健康増進法改正案、国の受動喫煙対策後退

例外店大幅増、実効性も課題

 望まない受動喫煙による健康被害を防ぐため、罰則を設け対策を強化する健康増進法改正案が参議院で審議中だ。2020年の東京五輪・パラリンピックを見据えたものだが、厚生労働省による当初案と比べ内容が大幅に後退したとの批判があり、実効性の担保にも課題が残る。一方、大会開催都市の東京都は独自の条例を制定。国よりも厳しい規制に乗り出した。
(政治部・亀井玲那)

800

 当初の厚労省案は、小中高校や医療施設は敷地内禁煙、飲食店も原則屋内禁煙とし、例外は30平方メートル以下のバーやスナックを想定していた。しかし、一部議員や飲食関連業界はこれに反発。最終的な改正案では、例外は既存の飲食店のうち客席面積が100平方メートル以下の店舗とされた。これらの店舗は「喫煙可能」の表示を掲げれば喫煙が認められる。小規模店は対策にかかるコストの負担が難しいことなどを考慮したものだが、例外に該当する店は全体の約55%に上ることから原則と例外が逆転するとの指摘もある。また、学校や病院などは敷地内禁煙としつつも、屋外に喫煙場所の設置を認め、野党議員や医療関係者からは批判の声も上がっている。

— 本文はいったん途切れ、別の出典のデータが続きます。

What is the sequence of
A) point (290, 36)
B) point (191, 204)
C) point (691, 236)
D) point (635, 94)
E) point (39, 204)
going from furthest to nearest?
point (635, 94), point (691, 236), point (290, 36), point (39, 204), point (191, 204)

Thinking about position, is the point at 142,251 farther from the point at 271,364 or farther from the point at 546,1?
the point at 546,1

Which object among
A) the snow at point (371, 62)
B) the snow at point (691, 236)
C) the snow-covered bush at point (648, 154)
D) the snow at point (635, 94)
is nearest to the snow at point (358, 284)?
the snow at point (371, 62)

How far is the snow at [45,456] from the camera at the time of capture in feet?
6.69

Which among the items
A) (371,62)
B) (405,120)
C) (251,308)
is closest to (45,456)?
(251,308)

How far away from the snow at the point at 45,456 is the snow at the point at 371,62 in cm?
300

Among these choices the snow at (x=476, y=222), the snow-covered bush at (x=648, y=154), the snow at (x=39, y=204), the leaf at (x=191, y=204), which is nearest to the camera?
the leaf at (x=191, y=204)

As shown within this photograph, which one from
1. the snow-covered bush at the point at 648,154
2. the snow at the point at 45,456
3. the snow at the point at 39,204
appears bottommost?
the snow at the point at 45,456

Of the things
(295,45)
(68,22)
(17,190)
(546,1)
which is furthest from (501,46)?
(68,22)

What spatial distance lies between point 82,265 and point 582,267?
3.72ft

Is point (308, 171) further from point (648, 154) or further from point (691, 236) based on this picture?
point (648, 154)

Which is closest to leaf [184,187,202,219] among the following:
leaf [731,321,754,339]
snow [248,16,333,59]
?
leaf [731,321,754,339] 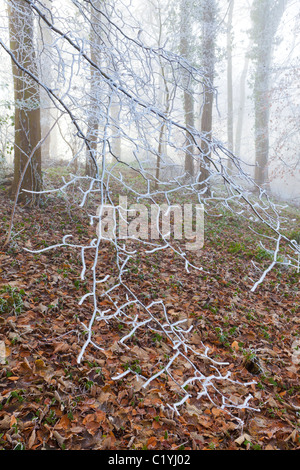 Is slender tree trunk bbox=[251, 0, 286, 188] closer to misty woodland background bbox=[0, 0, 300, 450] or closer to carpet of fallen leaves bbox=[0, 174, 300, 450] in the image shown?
misty woodland background bbox=[0, 0, 300, 450]

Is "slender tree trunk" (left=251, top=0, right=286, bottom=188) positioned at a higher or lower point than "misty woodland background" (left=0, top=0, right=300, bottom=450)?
higher

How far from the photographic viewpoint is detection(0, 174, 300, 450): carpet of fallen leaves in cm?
171

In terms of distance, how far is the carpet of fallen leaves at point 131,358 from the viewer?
1.71 meters

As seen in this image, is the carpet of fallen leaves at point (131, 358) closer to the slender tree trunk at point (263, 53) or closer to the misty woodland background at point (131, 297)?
the misty woodland background at point (131, 297)

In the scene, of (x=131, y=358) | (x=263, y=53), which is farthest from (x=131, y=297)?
(x=263, y=53)

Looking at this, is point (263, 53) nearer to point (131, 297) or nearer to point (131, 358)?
point (131, 297)

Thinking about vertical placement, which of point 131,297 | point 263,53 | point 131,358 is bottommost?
point 131,358

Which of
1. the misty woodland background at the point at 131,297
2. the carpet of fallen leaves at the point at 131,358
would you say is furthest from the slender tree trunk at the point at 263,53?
the carpet of fallen leaves at the point at 131,358

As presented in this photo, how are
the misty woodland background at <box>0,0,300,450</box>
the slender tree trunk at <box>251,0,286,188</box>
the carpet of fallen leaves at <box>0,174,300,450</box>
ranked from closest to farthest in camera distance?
the misty woodland background at <box>0,0,300,450</box> < the carpet of fallen leaves at <box>0,174,300,450</box> < the slender tree trunk at <box>251,0,286,188</box>

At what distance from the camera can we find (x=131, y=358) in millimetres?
2285

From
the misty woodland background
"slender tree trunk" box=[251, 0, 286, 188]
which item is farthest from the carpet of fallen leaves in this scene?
"slender tree trunk" box=[251, 0, 286, 188]

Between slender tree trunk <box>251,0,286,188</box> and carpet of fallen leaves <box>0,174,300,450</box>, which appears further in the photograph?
slender tree trunk <box>251,0,286,188</box>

 政府案が基準とする100平方メートルは、神奈川県の受動喫煙防止条例を参考にした面もある。同条例は全国に先駆けて10年に施行。飲食店などには分煙を認め、客席面積が100平方メートル以下の店は努力義務にとどめるなど、規制内容は厳しくないが、違反者には過料を科す罰則を設けた。しかし、毎年1000件前後の違反が確認されながら一度も罰則の適用がなく、実効性には疑問の声も上がっている。

 自身が県知事時代に同条例の制定に取り組んだ希望の党代表の松沢成文参院議員は5日、参院厚生労働委員会で「神奈川県の例は大失敗だった。100平方メートルはあまりにも広く、もっと厳格に区切らないと実効性は保てない」と指摘。「罰則が適用されなければ実効性と抑止力が失われる。各自治体の保健所と連携を密にする必要がある」とも述べ、厳格な適用を求めた。厚労省は「現場で必要な指導や対応ができるよう、基準や進め方のガイドラインは適宜適切に検討する」としているが、保健所等との具体的な連携方法は示されていないため懸念も残る。

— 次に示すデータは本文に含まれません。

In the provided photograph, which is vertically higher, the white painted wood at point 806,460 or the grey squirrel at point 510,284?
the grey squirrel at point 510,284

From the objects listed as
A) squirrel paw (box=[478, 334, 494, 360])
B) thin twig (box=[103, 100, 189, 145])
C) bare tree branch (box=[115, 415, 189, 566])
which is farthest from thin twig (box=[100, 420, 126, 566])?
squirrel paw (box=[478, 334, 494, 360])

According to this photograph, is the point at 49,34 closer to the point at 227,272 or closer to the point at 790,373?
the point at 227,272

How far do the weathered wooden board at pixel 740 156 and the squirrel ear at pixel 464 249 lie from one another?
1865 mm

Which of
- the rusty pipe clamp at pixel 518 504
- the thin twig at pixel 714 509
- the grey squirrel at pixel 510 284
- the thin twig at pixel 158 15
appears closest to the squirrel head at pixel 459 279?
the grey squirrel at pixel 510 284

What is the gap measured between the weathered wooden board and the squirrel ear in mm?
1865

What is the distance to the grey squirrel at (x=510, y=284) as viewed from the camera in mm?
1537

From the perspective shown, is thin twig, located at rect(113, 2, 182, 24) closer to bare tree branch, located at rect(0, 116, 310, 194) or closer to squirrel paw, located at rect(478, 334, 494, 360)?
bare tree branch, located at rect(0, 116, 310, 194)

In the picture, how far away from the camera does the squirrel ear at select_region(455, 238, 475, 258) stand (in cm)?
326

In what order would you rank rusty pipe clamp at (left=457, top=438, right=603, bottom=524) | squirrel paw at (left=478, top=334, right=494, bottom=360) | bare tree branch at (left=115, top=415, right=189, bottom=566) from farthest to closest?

 国の法案に厳しい指摘が相次ぐ一方、五輪・パラリンピックの開催都市である東京都は6月27日、受動喫煙防止条例を賛成多数で成立させた。都の条例では、飲食店は原則屋内禁煙で、例外は従業員のいない家族経営などの飲食店のみ。都内飲食店の84%が規制対象となる。また、小中高校や幼稚園、保育所などは敷地内禁煙で、屋外でも喫煙所は設置不可とするなど、政府案よりも厳しい規制が盛り込まれた。

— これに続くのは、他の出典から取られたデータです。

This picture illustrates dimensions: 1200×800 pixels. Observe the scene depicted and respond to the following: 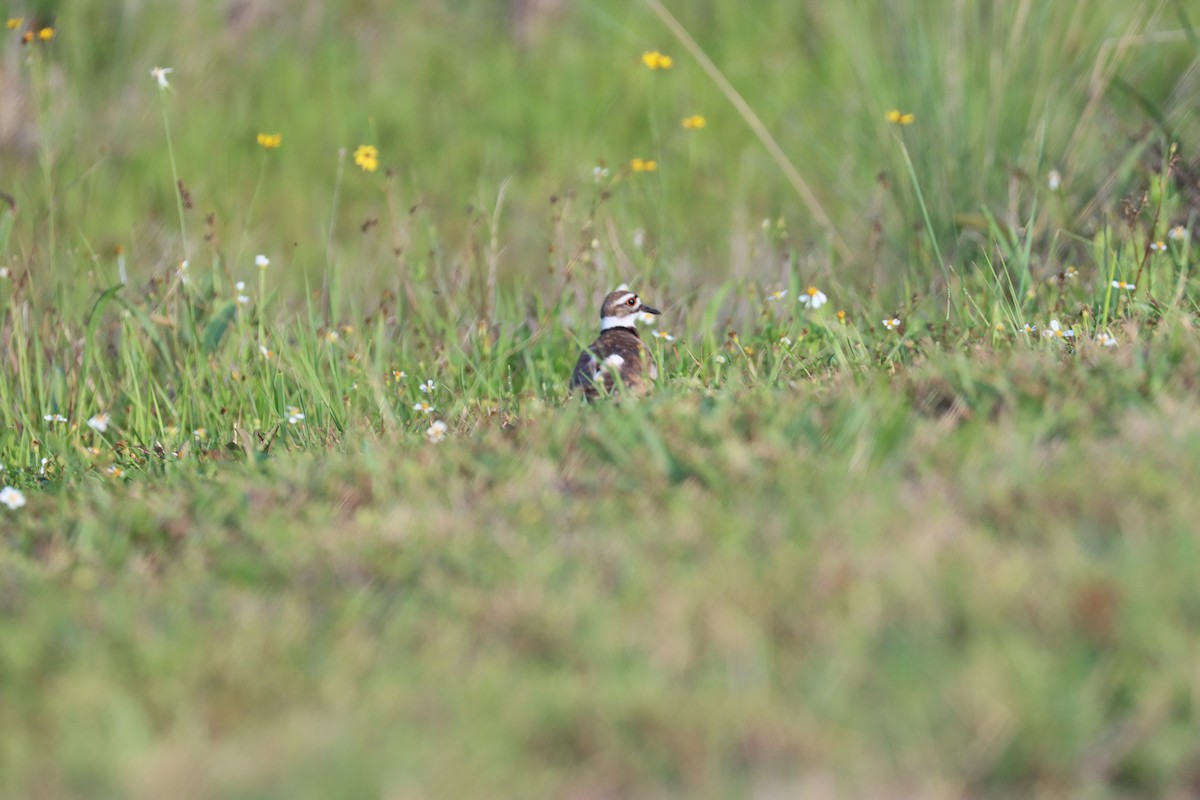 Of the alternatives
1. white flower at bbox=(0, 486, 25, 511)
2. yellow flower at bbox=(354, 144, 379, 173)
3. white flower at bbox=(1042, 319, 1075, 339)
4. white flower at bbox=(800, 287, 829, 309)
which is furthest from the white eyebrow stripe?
white flower at bbox=(0, 486, 25, 511)

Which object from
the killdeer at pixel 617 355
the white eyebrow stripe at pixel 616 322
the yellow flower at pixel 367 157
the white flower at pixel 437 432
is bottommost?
the white eyebrow stripe at pixel 616 322

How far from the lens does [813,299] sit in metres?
5.77

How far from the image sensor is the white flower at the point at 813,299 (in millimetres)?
5736

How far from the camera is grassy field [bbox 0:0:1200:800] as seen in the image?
2670mm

 世界保健機関(WHO)と国際オリンピック委員会(IOC)はたばこのない五輪を推進しており、各開催都市はさらに厳しい対策を取ってきた。条例制定に当たり飲食関連業界は抗議デモを行うなど反発を強めたが、小池百合子都知事は「ホストシティとして、たばこのないメガイベントにふさわしい内容にしていく必要がある」とし、対策を進める姿勢を示している。